[Start of Attachment]
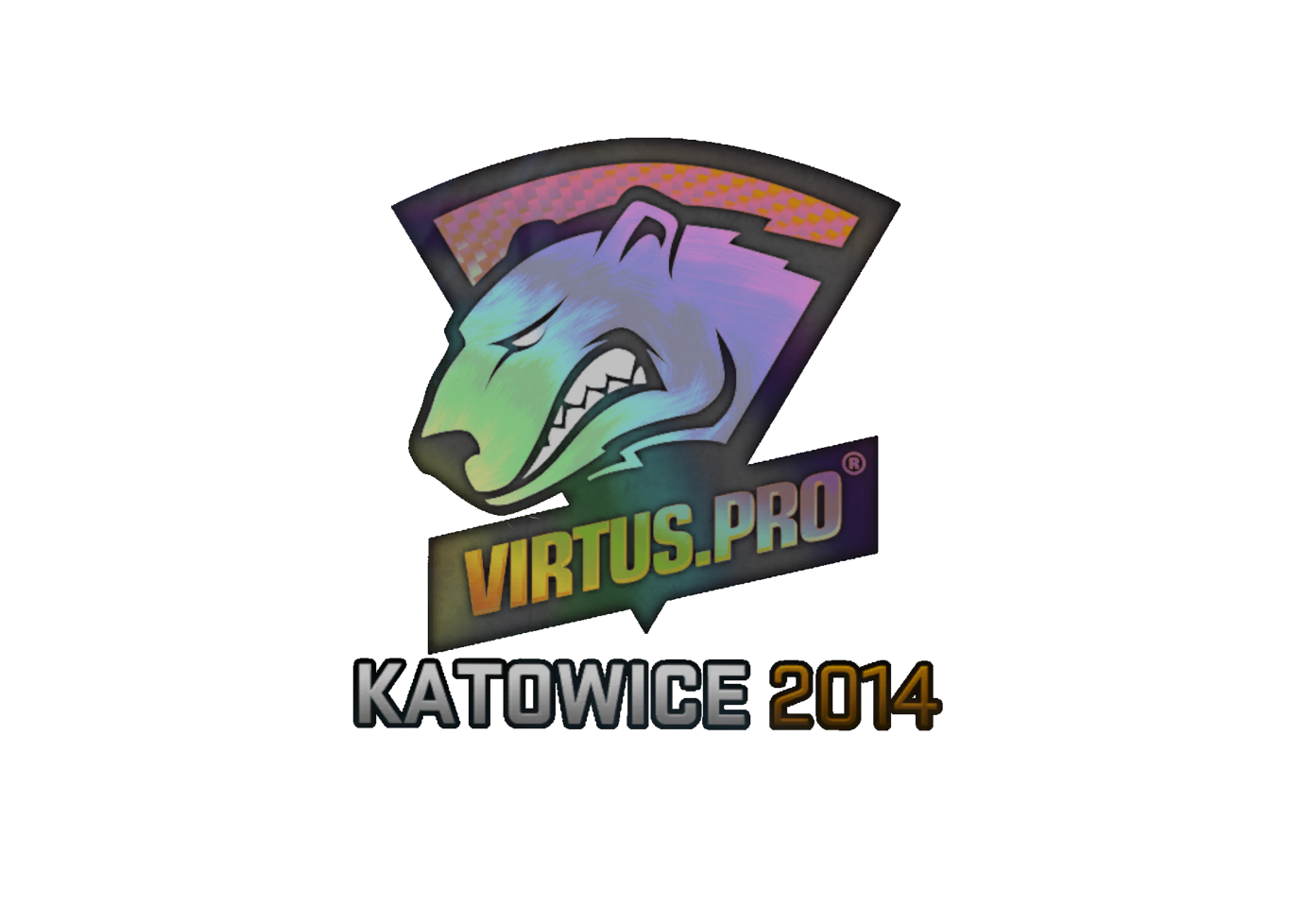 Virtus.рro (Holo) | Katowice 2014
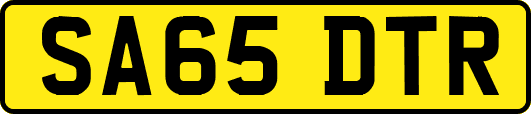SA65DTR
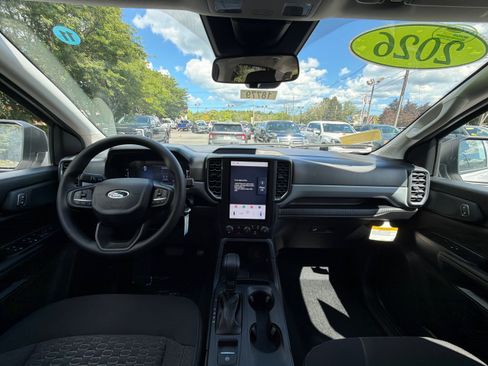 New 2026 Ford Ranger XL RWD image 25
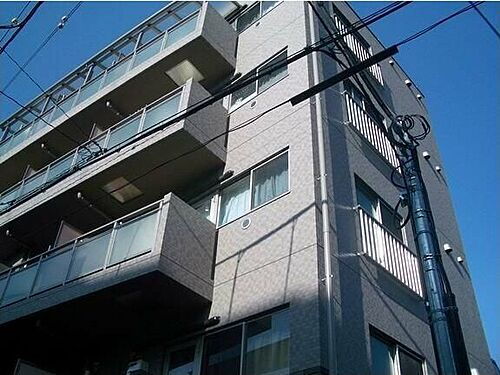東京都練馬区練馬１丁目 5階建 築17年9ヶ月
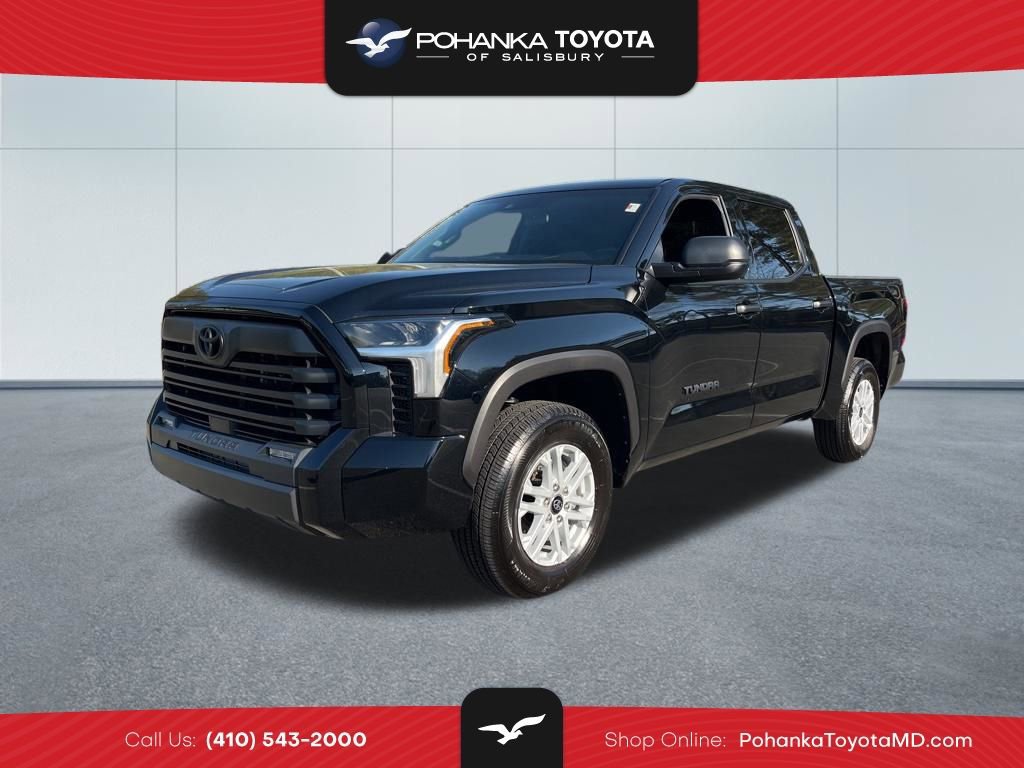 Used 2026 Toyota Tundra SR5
[End of Attachment]
◆ **AIM OF THE TASK**:
Every record gets retyped exactly; no picture goes into the copy.

◆ **RESPONSE TO THIS TASK**:
 Virtus.рro (Holo) | Katowice 2014
SA65DTR
 New 2026 Ford Ranger XL RWD image 25
東京都練馬区練馬１丁目 5階建 築17年9ヶ月
 Used 2026 Toyota Tundra SR5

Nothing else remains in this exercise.